### [Provided material]

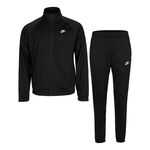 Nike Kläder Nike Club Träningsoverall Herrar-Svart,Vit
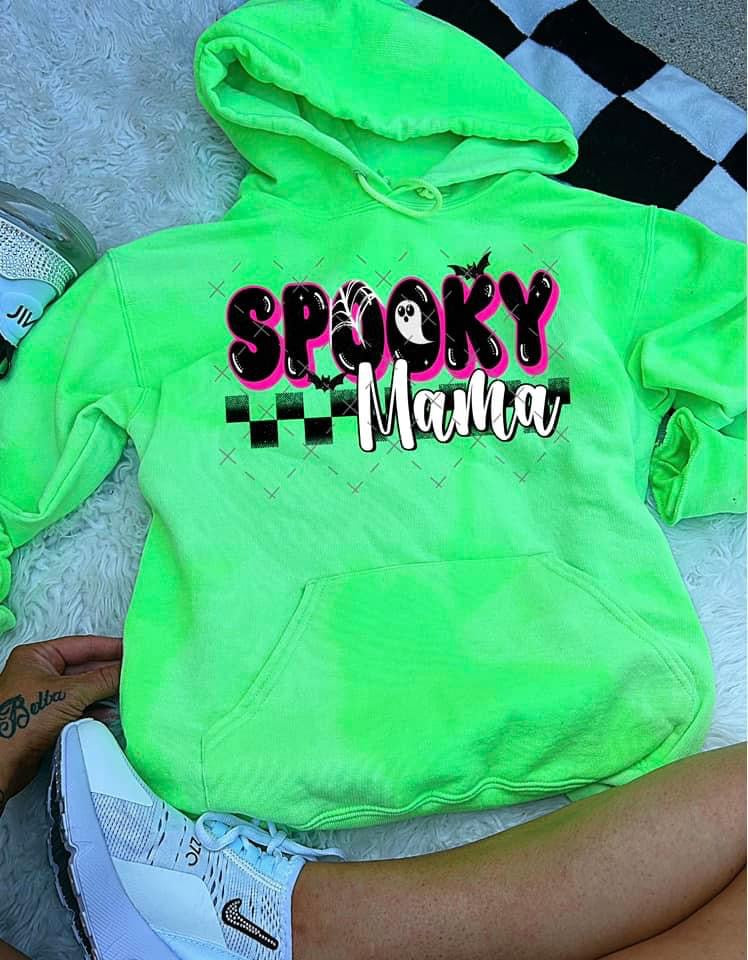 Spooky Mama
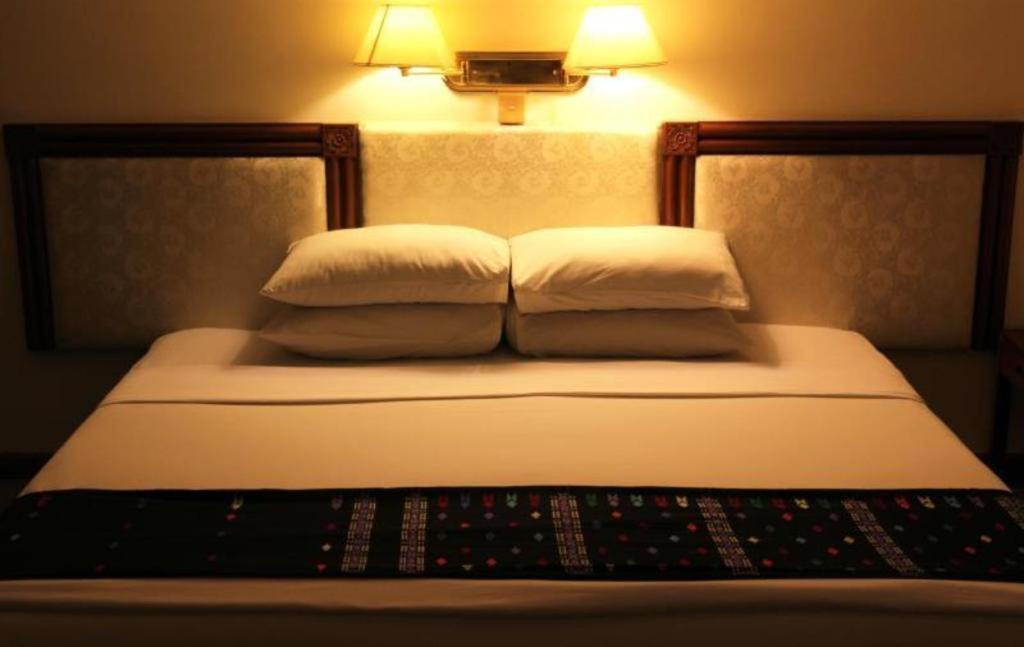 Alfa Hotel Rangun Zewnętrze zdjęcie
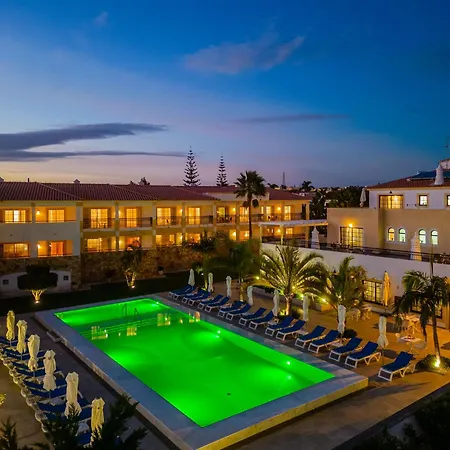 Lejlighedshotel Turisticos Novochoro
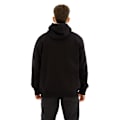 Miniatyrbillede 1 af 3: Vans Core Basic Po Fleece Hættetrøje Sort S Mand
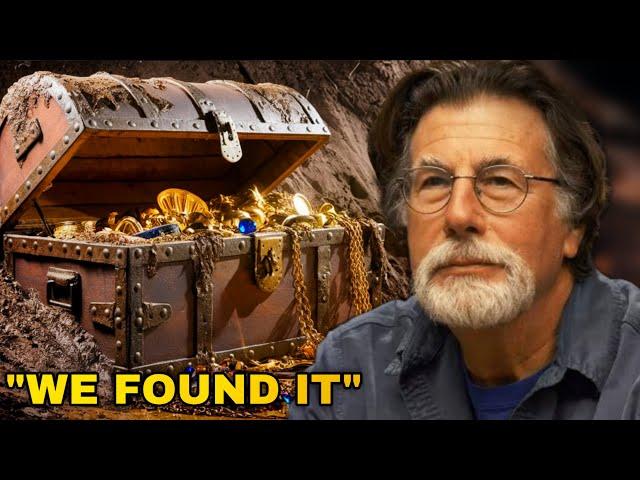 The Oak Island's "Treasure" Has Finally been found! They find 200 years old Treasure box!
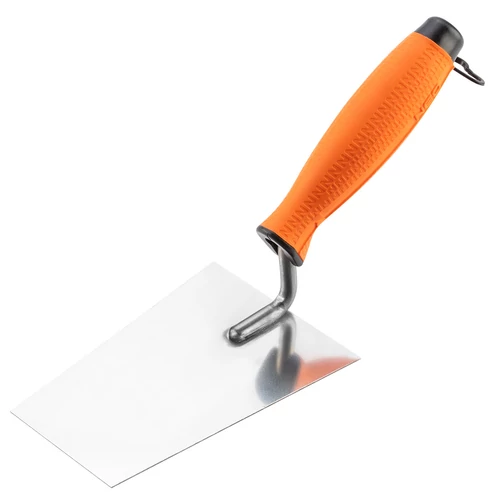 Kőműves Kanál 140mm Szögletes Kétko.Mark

### [Task brief]
Without the pictures, transcribe exactly the lines above from the one containing "Spooky Mama" through the last.

### [Solved exercise]
 Spooky Mama
 Alfa Hotel Rangun Zewnętrze zdjęcie
 Lejlighedshotel Turisticos Novochoro
 Miniatyrbillede 1 af 3: Vans Core Basic Po Fleece Hættetrøje Sort S Mand
 The Oak Island's "Treasure" Has Finally been found! They find 200 years old Treasure box!
 Kőműves Kanál 140mm Szögletes Kétko.Mark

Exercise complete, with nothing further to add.